Regional Infrastructure Development

Hard Infrastructure:

  • There are dramatically different levels of energy infrastructure across the region. From the comprehensive LNG import and power infrastructure in Japan, Korea and Taiwan to countries with no gas import facilities and limited internal power and gas transmission systems.
  • The interconnection of national power and gas systems, a fundamental building block of energy security, is also extremely limited. Cost and politics remain significant challenges to improving this.

Social Infrastructure:

  • Development of human capital to support larger, more interconnected markets and infrastructure systems to provide energy security is critical in emerging markets.
  • More established market players can support this levelling up with training, technical assistance and financial support.
  • Work with governments to identify social development opportunities within the region

Regional Economic and Market Development

Economic Development

  • The large investment required to complete the buildout of infrastructure and support energy transition will have to be sourced internationally at least in part for most markets.
  • The investment climate and regulatory systems must support international investment or economic development will be severely restricted.

Market Development

  • Many less-developed markets face the challenge of moving from Government controlled indigenous fuel production, with associated energy subsidies and pricing distortions, to an energy market linked to international markets.
  • The political difficulty of this transition is significant and requires expertise regarding market structure development and implementation.

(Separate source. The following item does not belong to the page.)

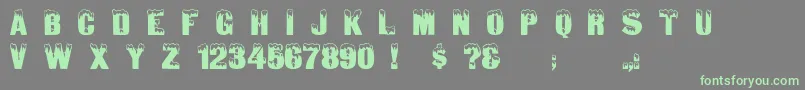 Gloomlaser Font – Green Fonts on Gray Background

Regional Climate and Environment Imperatives

  • Natural gas is recognised as a complementary solution to environmental issues along with renewables and energy conservation.
  • Natural gas remains an important part of the energy mix in many countries and will provide the basis for transition to a sustainable energy future.
  • Lower carbon natural gas will assist regional Governments achieve climate policy objectives
  • Customers, governments and communities are expecting the industry to deliver lower-carbon LNG solutions.